Tuesday, 14 May 2024
Adjournment
Community safety
Community safety
Ellen SANDELL (Melbourne) (19:22): (657) My adjournment today is for the Premier. The action I seek is for the government to ensure the safety and rights of protesters at university encampments for Palestine. Over the last few weeks thousands of students have set up tents at campuses around the world to show solidarity for the people of Palestine and call for an end to the atrocities being inflicted on them by the Israeli military. I recently visited the University of Melbourne encampment. Students from a wide range of backgrounds, including Muslim and Jewish students, welcomed us to a peaceful and uplifting environment. They had organised food stations, tea stations and first aid areas. I saw how students organised themselves so that they could still study and get their assignments in while others organised safe spaces for regular prayers and spaces for staff and students to engage in dialogue about what is happening in Palestine. When people from outside the university turned up to deliberately antagonise and intimidate the protesters, the students peacefully held their ground and refused to engage.

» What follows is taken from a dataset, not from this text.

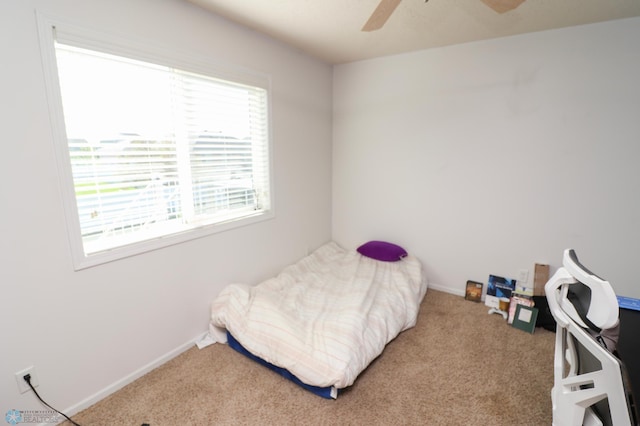 carpeted bedroom featuring ceiling fan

These students and staff, like so many of us, have been utterly horrified by watching what is unfolding in Gaza. They want their universities to divest from their partnerships with weapons manufacturers. Their message for the Victorian Labor government is also clear: end your complicity in Israel’s brutal attacks on Palestine. This Labor government in Victoria has signed an MOU with the Israeli Ministry of Defense – actively signed that MOU. If that was not bad enough, Labor in Victoria has given taxpayer dollars to Elbit Systems, an Israeli weapons manufacturer whose drone killed an Australian aid worker in Gaza and whose equipment has murdered literally tens of thousands of innocent Palestinians, including tens of thousands of innocent children. Let us be clear here: with these decisions Labor is choosing a side, and it is not the side of the tens of thousands of innocent Palestinians who are being killed.
Like millions of students before them, these brave students are standing up and using the tools available to them – their voices and their bodies – to say, ‘No. No, not in our name.’ And make no mistake, protests like this change the course of history. It was student protests that changed the course of the Vietnam War and helped lend international pressure to end apartheid in South Africa. Today students on campus are changing history before our eyes, yet disappointingly we have seen agitators turn up at these peaceful protests at all hours of day and night to cause violence, including people armed with bats and bottles and fire extinguishers. The government must work with universities and the police to ensure that peaceful protest and free speech on campus is allowed to exist. Labor might want to sweep these students’ message under the carpet, but students’ voices will continue to be heard.